** Opening Data for processing block **

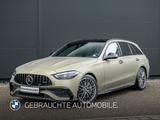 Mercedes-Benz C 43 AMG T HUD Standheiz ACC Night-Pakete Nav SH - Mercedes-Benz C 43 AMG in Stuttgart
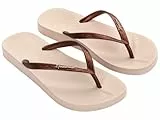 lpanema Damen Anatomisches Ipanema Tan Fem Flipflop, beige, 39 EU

** Closing Data for processing block **
** Opening Data for processing block **

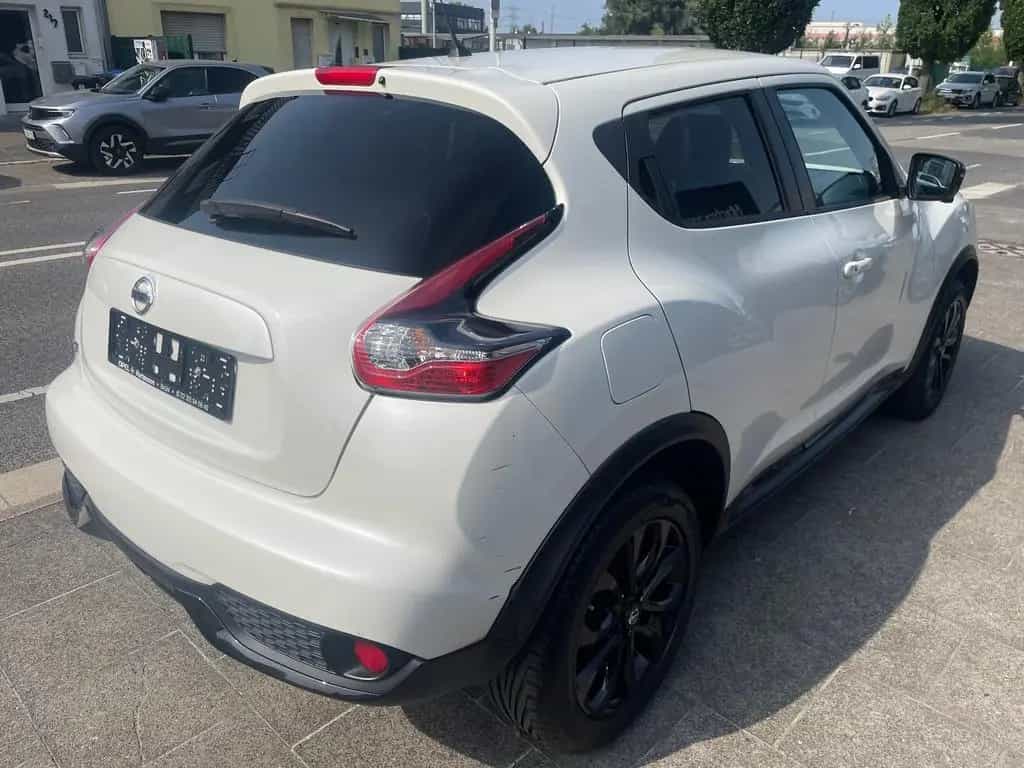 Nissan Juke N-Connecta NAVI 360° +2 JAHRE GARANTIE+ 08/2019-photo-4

** Closing Data for processing block **
** Opening Data for processing block **

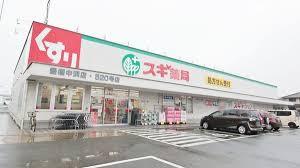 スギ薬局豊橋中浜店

** Closing Data for processing block **

What you will do
Copy out exactly the material that runs from the line with "Mercedes-Benz C 43 AMG T" to the line with "lpanema Damen Anatomisches", ends included, and leave the pictures behind.

Result for this task
 Mercedes-Benz C 43 AMG T HUD Standheiz ACC Night-Pakete Nav SH - Mercedes-Benz C 43 AMG in Stuttgart
 lpanema Damen Anatomisches Ipanema Tan Fem Flipflop, beige, 39 EU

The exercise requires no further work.